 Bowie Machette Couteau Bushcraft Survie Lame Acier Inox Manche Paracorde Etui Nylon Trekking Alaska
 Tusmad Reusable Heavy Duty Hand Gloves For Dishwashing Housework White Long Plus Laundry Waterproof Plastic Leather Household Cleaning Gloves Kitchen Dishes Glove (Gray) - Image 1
---
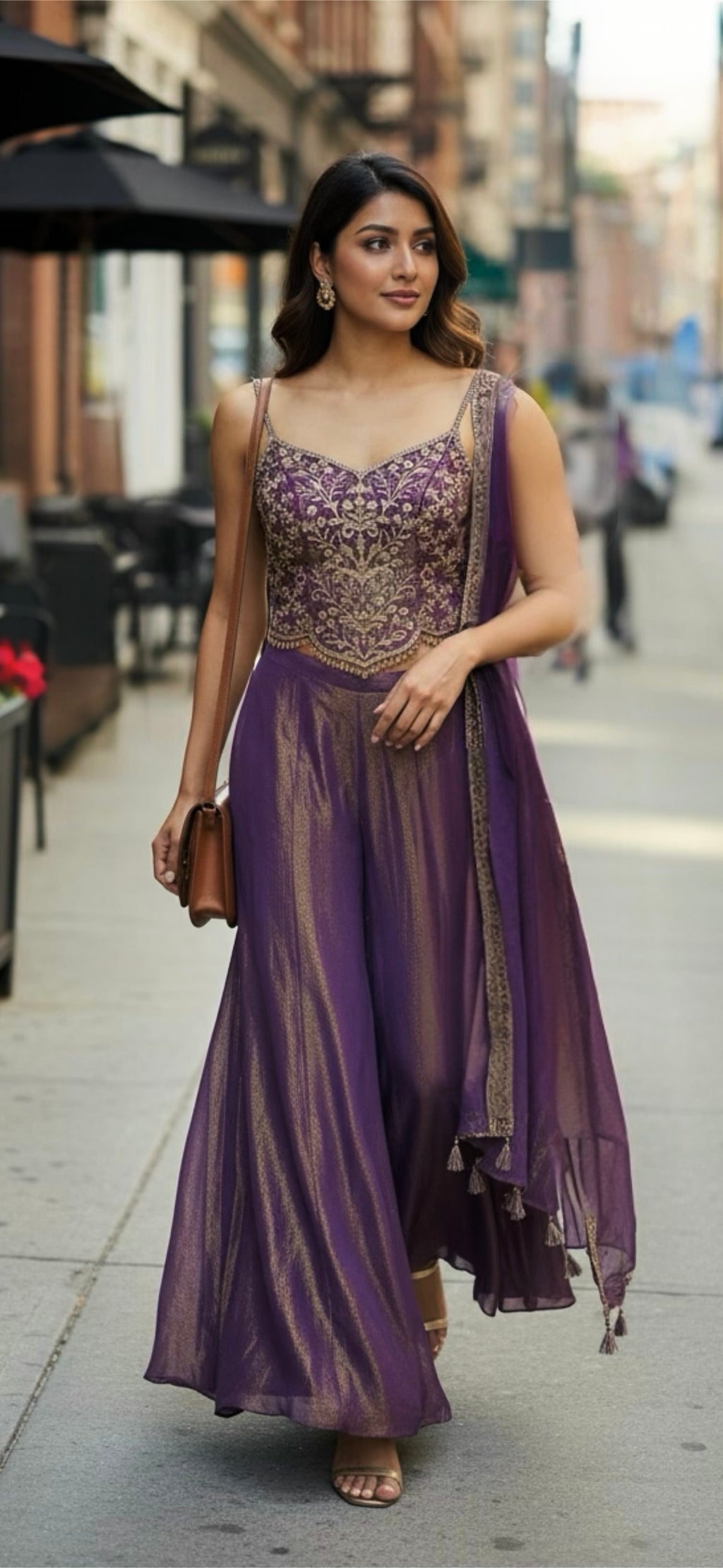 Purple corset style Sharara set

● **AIM OF THE EXERCISE**: Give the exact lines, and only those, from the line containing "Bowie Machette Couteau" through the line containing "Tusmad Reusable Heavy" in the entries above.

● **RESPONSE TO THIS TASK**:
 Bowie Machette Couteau Bushcraft Survie Lame Acier Inox Manche Paracorde Etui Nylon Trekking Alaska
 Tusmad Reusable Heavy Duty Hand Gloves For Dishwashing Housework White Long Plus Laundry Waterproof Plastic Leather Household Cleaning Gloves Kitchen Dishes Glove (Gray) - Image 1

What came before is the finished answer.